Orson Welles' award withdrawn from auction

They are only 13 inches tall and look, as Bette Davis once put it, like her ex-husband's backside, but those who will never win one would pay hundreds of thousands of dollars to own one. However, Oscar is not for sale.

They are only 13 inches tall and look, as Bette Davis once put it, like her ex-husband's backside, but those who will never win one would pay hundreds of thousands of dollars to own one. However, Oscar is not for sale.

Christie's in New York has withdrawn from auction the Oscar won by Orson Welles in 1941 for co-writing Citizen Kane. It had been expected to fetch up to $400,000 (£250,000) in Friday's sale.

Oscars are awarded by the Academy of Motion Picture Arts and Sciences in Los Angeles, whose regulation 10 states: "Award winners shall not sell or otherwise dispose of the Oscar statuette nor permit it to be sold or disposed of by operation of law without first offering to sell it to the academy for $1."

The rule applies to heirs of winners and those given one by a recipient. Everyone nominated has to agree to this, and the academy polices the rule vigilantly.

Welles won his Oscar not for directing the film that made him world famous (that year's award went to John Ford for How Green Was My Valley), but for the screenplay he co-wrote with Herman J Mankiewicz. Welles was still only 26 at the time. On his death in 1985, he left the Oscar to his third wife, Paola Mori, who died the next year. It passed to Beatrice Welles, their youngest daughter, and she offered it for sale at Christie's.

Despite the academy ban, Ms Welles apparently believed she did have the right to sell her father's Oscar. The rule was introduced in 1950, so he would never have had to agree to the $1 buy-back.

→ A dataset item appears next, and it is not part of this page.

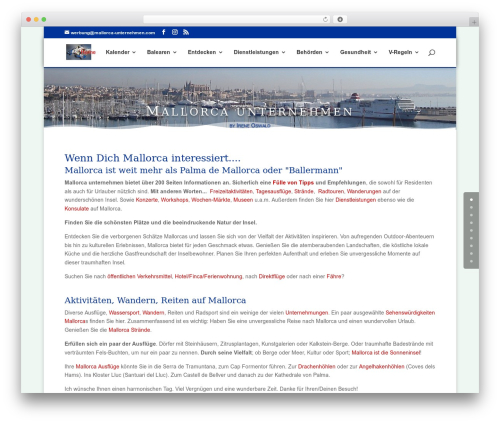 Events calendar modules for divi WordPress plugin - mallorca-unternehmen.com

However, an academy spokesman, John Pavlik, said yesterday that Ms Welles had been provided with a replacement Oscar in the 1980s when the original went missing, and had then signed an agreement not to sell it or the original, should it turn up. It did turn up in London a few years ago, in the hands of an old colleague of Welles. Ms Welles regained it after legal action.

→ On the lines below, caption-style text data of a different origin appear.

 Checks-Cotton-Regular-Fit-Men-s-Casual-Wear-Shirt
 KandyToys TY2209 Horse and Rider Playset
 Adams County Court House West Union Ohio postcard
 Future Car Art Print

"We found out that there was a dispute so it has been withdrawn," said a Christie's spokeswoman yesterday.

Mr Pavlik admitted Oscars had been sold in the past - Ronald Colman's 1947 best actor prize for A Double Life went at Christie's last year for $175,000. But usually, he said, auction houses agreed to withdraw them.

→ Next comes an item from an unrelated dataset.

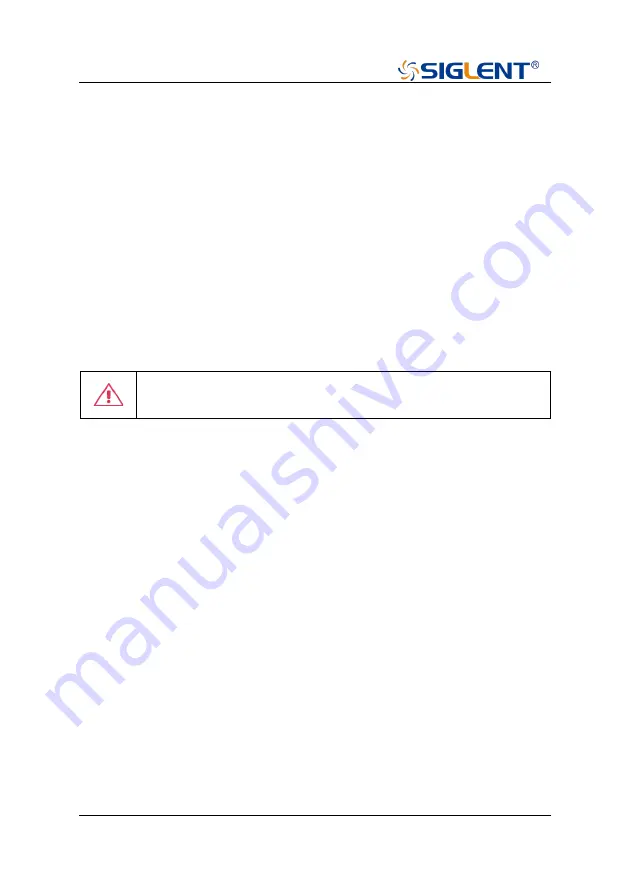 SIGLENT SSA5000A Quick Manual Download Page 9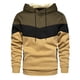 thumbnail image 1 of Sudadera Con Capucha Para Hombre, Cómoda Sudadera Con Capucha De Empalme De Color Para Hombre Fibra De Poliéster Agradable A La Piel Suelta De Moda Para Acampar Para Trabajar ANGGREK OD Verde 2XL, 1 of 4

Some winners gave their Oscar to a museum or their former school, he said, which was fine. The academy objected only to a sale.

Many felt Welles should have won the best director prize for his portrait of newspaper magnate William Randolph Hearst; the latter was so incensed he banned any mention of the film in his papers and tried to buy all the negatives and destroy them. There was also controversy as to authorship of the screenplay, which Welles initially claimed for himself. He shared the credit with Mankiewicz only after the Writers' Guild stepped in.

The origins of the Oscar name are clouded in myth. According to Oscar Fever, by Emanuel Levy, Bette Davis claimed it was her remark on the likeness of the statue to the backside of her then husband, Harman Oscar Nelson, that led to it being given his name. Another version is that the academy's former executive secretary, Margaret Herrick, remarked on her first day at work in 1931 that it resembled her uncle Oscar. The academy favours the Herrick account.